Em síntese: circulou entre os maiores cientistas da sua época. E de cortes. Com Goethe bebeu na fonte – arte e da literatura -, sem desconsiderar a ciência. Pois Goethe, embora famoso escritor, Fausto o consagrara -, incursionava também no campo das ciências, atraindo sumidades da época para longas confabulações. Publicou o livro: “A Metamorfose das Plantas”. Darwin reconhece Humboldt como o grande inspirador de sua trajetória e sua obra: A origem das Espécies”. Darwin leu todas as publicações de Humboldt, inclusive durante o périplo pela América e outras paragens. Levou consigo exemplares. Lia e fazia anotações de certos trechos.
Ah, um detalhe: embora as guerras de então (Humboldt tinha praticamente a mesma idade de Napoleão) – os cientistas, em face daquele cenário beligerante, firmaram um pacto de colaboração, pois julgavam que ciência estava acima das vaidades políticas. “A guerra aos políticos, a ciência aos cientistas”, insistiam. Pairar acima das vaidades humanas, cá entre nós, uma senhora façanha.

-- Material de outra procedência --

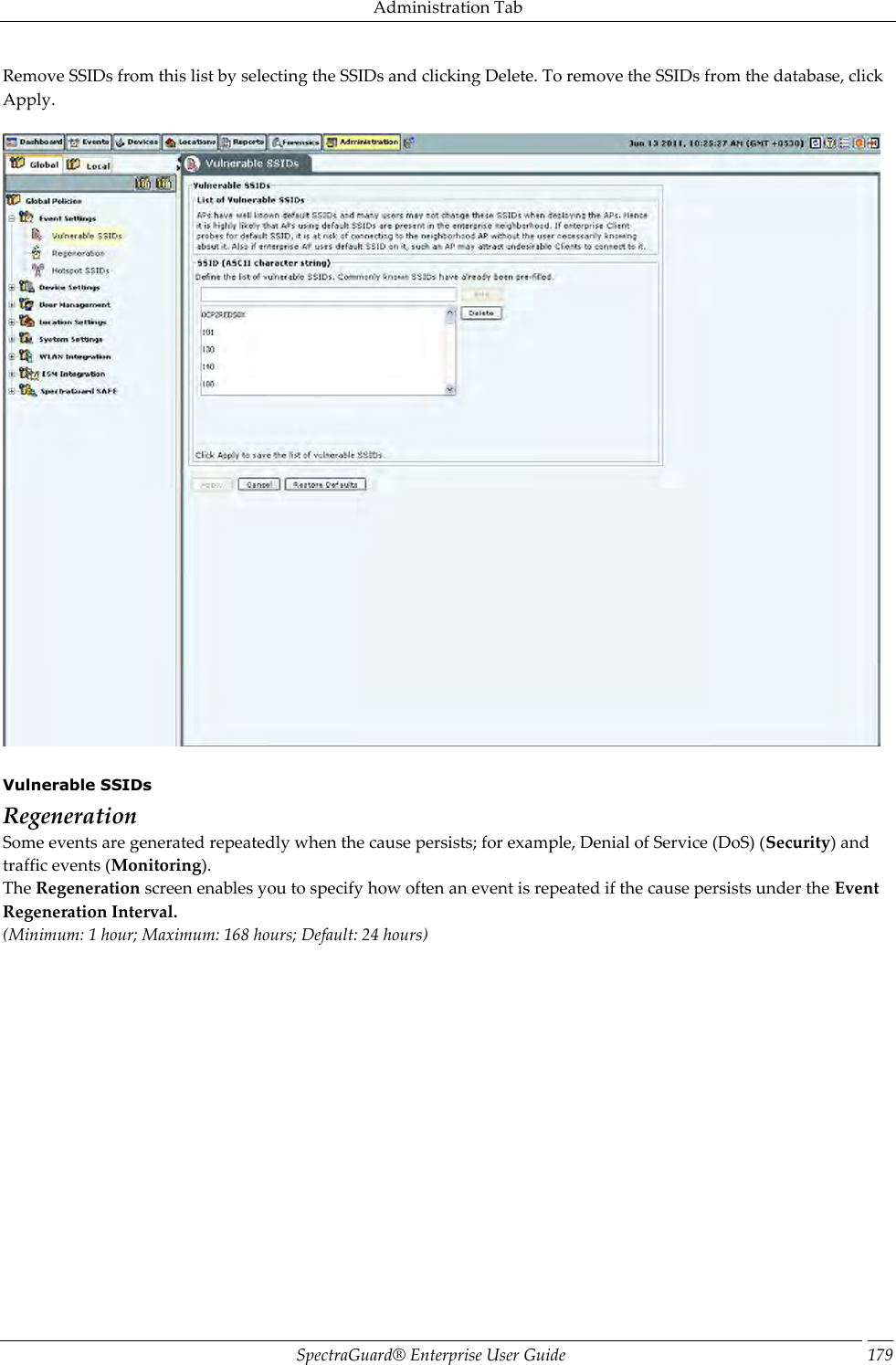 Administration Tab SpectraGuard®  Enterprise User Guide 179 Remove SSIDs from this list by selecting the SSIDs and clicking Delete. To remove the SSIDs from the database, click Apply.      Vulnerable SSIDs Regeneration Some events are generated repeatedly when the cause persists; for example, Denial of Service (DoS) (Security) and traffic events (Monitoring). The Regeneration screen enables you to specify how often an event is repeated if the cause persists under the Event Regeneration Interval. (Minimum: 1 hour; Maximum: 168 hours; Default: 24 hours)   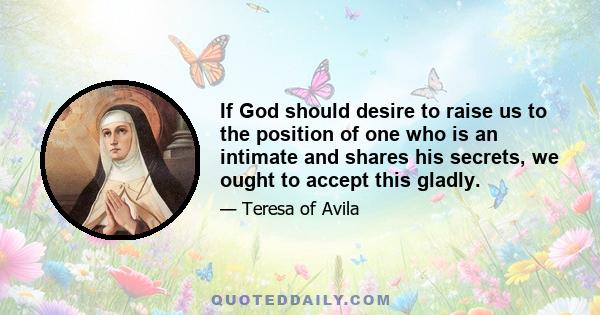 If God should desire to raise us to the position of one who is an intimate and shares his secrets, we ought to accept this gladly.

Remessas de plantas, insetos, pedras e outras amostras coletadas nas incursões eram enviadas de navio para o Europa, quando interceptados por forças inimigas, como forma de salvá-las, a senha: entregar a um cientista referenciado daquele país. Este cientista encarregava-se de enviá-las ao destino. Todos os capitães de navios, cientes disso, da importância de proteger o material coletado, procediam dessa forma. Emocionante essa solidariedade mesmo em tempo de conflito.
Não cabe aqui detalhar eventos marcantes dessas viagens a serviço da ciência: 1) pelas Américas (1799-1804); Venezuela (1804); e Rússia (1829), mas não podemos deixar de referenciá-lo quanto ao regime de escravidão. Humboldt se opôs violentamente a ela. Cenas macabras que viu na Venezuela, marcaram-no. Daí sua revolta contra o regime escravagista.

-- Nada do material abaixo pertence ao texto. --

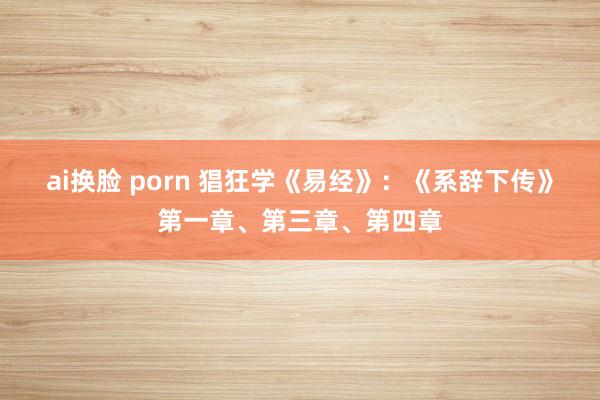 ai换脸 porn 猖狂学《易经》：《系辞下传》第一章、第三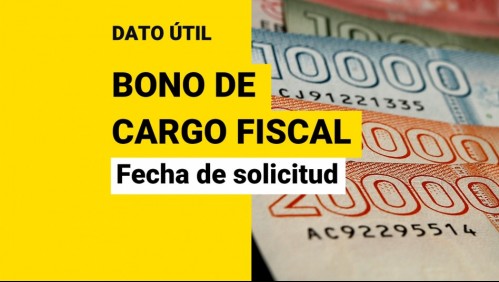 Bono de Cargo Fiscal: Conoce la fecha límite para solicitar los $200 mil de la AFP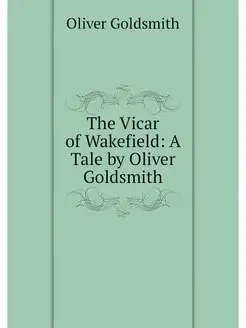 The Vicar of Wakefield A Tale by Oli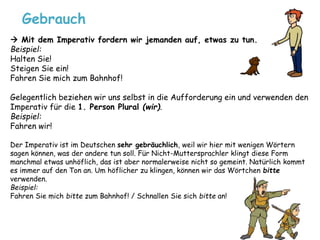 Gebrauch 
 Mit dem Imperativ fordern wir jemanden auf, etwas zu tun. 
Beispiel: 
Halten Sie! 
Steigen Sie ein! 
Fahren Sie mich zum Bahnhof! 
Gelegentlich beziehen wir uns selbst in die Aufforderung ein und verwenden den 
Imperativ für die 1. Person Plural (wir). 
Beispiel: 
Fahren wir! 
Der Imperativ ist im Deutschen sehr gebräuchlich, weil wir hier mit wenigen Wörtern 
sagen können, was der andere tun soll. Für Nicht-Muttersprachler klingt diese Form 
manchmal etwas unhöflich, das ist aber normalerweise nicht so gemeint. Natürlich kommt 
es immer auf den Ton an. Um höflicher zu klingen, können wir das Wörtchen bitte 
verwenden. 
Beispiel: 
Fahren Sie mich bitte zum Bahnhof! / Schnallen Sie sich bitte an! 
 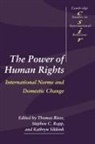 Thomas Ropp Risse, Thomas Risse-Kappen, Steve C. Ropp, Thomas Risse, Stephen C. Ropp, Kathryn Sikkink - Power of Human Rights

E, quanto à independência das colônias espanholas na América, Humboldt influenciou Simón Bolívar. Foram contemporâneos na Europa, quando Bolívar tinha apenas 18 anos.
Sabedores desse espírito libertador, os ingleses jamais concederam autorização que visitasse a Índia, embora o intuito fosse apenas escalar o Himalaia, sonho que nunca pode realizar.

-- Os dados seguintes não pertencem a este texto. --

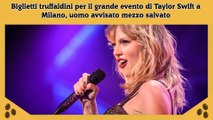 Biglietti truffaldini per il grande evento di Taylor Swift a Milano, uomo avvisato mezzo salvato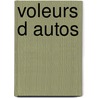 Voleurs d autos by Arvella Adair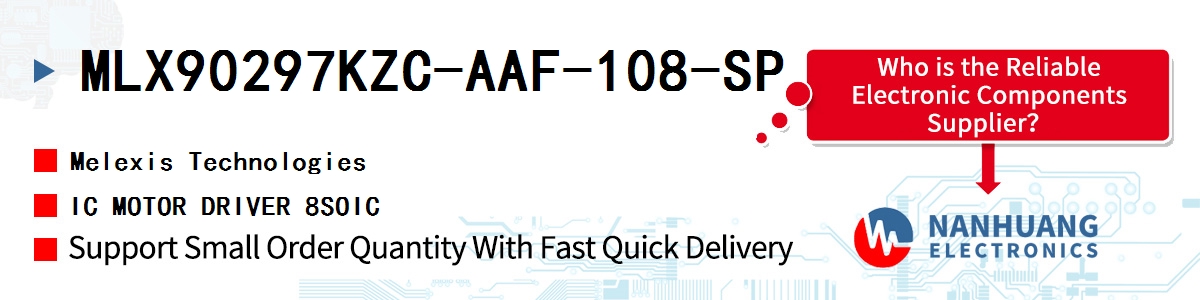 MLX90297KZC-AAF-108-SP Melexis IC MOTOR DRIVER 8SOIC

Embora admirador de Simón Bolívar, ao perceber que se tornara um déspota, impondo um regime de força nos países libertados do jugo espanhol, o questionou severamente. Considerava esses atos ilegais e inconstitucionais, um tanto semelhantes aos de Napoleão.
Defendia um regime político onde a liberdade fosse a premissa básica, e não o emprego da coação, da imposição em nome do coletivo.
Mas de todos os legados sobressai a ilação sobre a necessidade de proteger as florestas. Na Venezuela constatou degradações progressivas no Vale de Aragua e no Lago Valência. “Quando as florestas são destruídas, como o são em toda a parte na América por obra dos plantadores europeus(…) as fontes de água secam por completo ou se tornam menos abundante”. Percebeu que o mesmo problema ocorria na região da Lombardia, Itália, e na Rússia.
É considerado o pai do ambientalismo mundial, pois foi o primeiro estudioso a descrever as funções fundamentais de uma floresta para o ecossistema e o clima: “a capacidade das árvores de armazenar água e enriquecer a atmosfera com umidade, sua presença no solo e seu efeito resfriador”.
Humbolt, hoje, empresta o nome a inúmeros topônimos geográficos mundo afora: corrente marinha, rios, e até astros. Em Catarina, a bucólica Corupá, já foi Hansa Humboldt. Hoje, restringe-se ao empertigado rio Humboldt – frágil, mas caudaloso que se desdobra sobranceiro nos recortes da Serra do Mar.
Certamente, um motivo de orgulhos para eminente arauto da natureza.